Skip to content

Ternary Weights Explained

thesavantidiot edited this page Apr 18, 2026 · 1 revision

Ternary Weights Explained — Why {-1, 0, +1} Changes Everything

How to eliminate float multiplies from neural network inference

The problem with normal neural networks

A standard neural network layer does this: y = W @ x, where W is a matrix of float32 weights and x is the input vector. Each element of the output requires multiplying every weight by the corresponding input and summing. For a 256x64 matrix, that is 16,384 float multiplies per layer.

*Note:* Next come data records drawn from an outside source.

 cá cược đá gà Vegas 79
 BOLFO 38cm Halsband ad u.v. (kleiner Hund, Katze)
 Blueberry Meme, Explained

On a microcontroller without an FPU, a single float multiply takes 10-50 clock cycles. On a $2 chip running at 160 MHz, this becomes the bottleneck that makes neural networks impractical.

The ternary solution

What if every weight is restricted to just three values: -1, 0, or +1?

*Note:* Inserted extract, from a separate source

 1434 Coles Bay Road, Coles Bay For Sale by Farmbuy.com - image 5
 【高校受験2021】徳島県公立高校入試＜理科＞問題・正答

Then the multiply becomes:

Weight Operation Cost
+1 y += x[i] 1 add
-1 y -= x[i] 1 subtract
0 skip 0

Zero float multiplies. The entire matrix-vector product is pure addition and subtraction. On an MCU, an add/subtract is 1 cycle. The speedup compared to float multiply is 10-50x.

How it works in ATOME

for (int i = 0; i < cols; ++i) {
    int8_t w = atome_unpack_trit(packed, row_offset + i);
    if (w == 1)       acc += x[i];
    else if (w == -1) acc -= x[i];
    /* w == 0: skip */
}
out[j] = acc * scale;

The only float multiply is the final scale factor — one per output element, not one per weight.

2-bit packing: 4x compression

Since each weight has only 3 possible values, it fits in 2 bits:

  • 00 = 0
  • 01 = +1
  • 11 = -1

Four weights per byte. A 256x64 weight matrix takes just 4,096 bytes instead of 65,536 bytes (float32) or 16,384 bytes (int8). This is critical for fitting models into MCU flash.

The scale factor

During training, ternary weights are derived from full-precision weights using a sign function plus a learned scale:

ternary_W = sign(W) * scale

Where scale = mean(|W|) (the average absolute value). This single float per weight matrix preserves the magnitude information that the signs alone would lose.

Does it actually work?

Yes. Research has shown that ternary and binary neural networks can achieve surprisingly good performance:

  • BitNet (Microsoft, 2023) showed ternary weights match full-precision at scale
  • Ternary Weight Networks (Li et al., 2016) demonstrated the approach on ImageNet
  • ATOME's own model produces identical outputs between Python (full training framework) and C (ternary-only inference), verified on all test inputs

The key insight: neural networks are surprisingly tolerant of weight quantization. Most of the information is in the sign pattern, not the magnitude.

Where ternary shines

  • MCUs without FPU: eliminates the float multiply bottleneck entirely
  • Memory-constrained devices: 4x compression vs int8, 16x vs float32
  • Battery-powered devices: fewer cycles per inference = longer battery life
  • High-throughput sensors: can run inference on every reading, not just sampled ones

Where ternary struggles

  • Large models: at billions of parameters, the accuracy gap narrows but doesn't disappear
  • Fine-grained tasks: tasks requiring very precise numerical reasoning lose more from quantization
  • Training: ternary training requires special techniques (straight-through estimator, learned scales)

ATOME focuses on the sweet spot: small models (10K–500K parameters) on microcontrollers where ternary's advantages are overwhelming.